◆ Task goal
Which lines of the records below contain the word "Road"? Copy each of them out.

◆ Dataset excerpts
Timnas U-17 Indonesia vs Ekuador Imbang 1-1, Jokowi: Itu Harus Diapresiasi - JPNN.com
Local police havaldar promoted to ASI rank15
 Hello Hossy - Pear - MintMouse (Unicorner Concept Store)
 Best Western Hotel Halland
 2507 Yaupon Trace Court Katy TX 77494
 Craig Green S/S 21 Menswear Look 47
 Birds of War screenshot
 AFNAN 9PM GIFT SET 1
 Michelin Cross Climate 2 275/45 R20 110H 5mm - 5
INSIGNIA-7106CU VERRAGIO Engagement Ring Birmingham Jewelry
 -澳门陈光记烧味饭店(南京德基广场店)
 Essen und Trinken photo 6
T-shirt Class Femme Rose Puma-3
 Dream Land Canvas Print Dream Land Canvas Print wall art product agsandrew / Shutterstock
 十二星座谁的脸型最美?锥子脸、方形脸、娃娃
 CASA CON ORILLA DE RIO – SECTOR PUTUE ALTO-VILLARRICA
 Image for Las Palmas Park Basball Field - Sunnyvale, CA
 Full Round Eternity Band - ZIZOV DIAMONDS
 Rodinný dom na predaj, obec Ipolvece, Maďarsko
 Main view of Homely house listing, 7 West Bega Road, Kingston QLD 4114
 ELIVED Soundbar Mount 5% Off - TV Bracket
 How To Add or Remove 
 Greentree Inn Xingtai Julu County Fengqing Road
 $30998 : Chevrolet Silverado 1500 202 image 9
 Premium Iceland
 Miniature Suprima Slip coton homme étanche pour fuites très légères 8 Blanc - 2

◆ Output below
 Main view of Homely house listing, 7 West Bega Road, Kingston QLD 4114
 Greentree Inn Xingtai Julu County Fengqing Road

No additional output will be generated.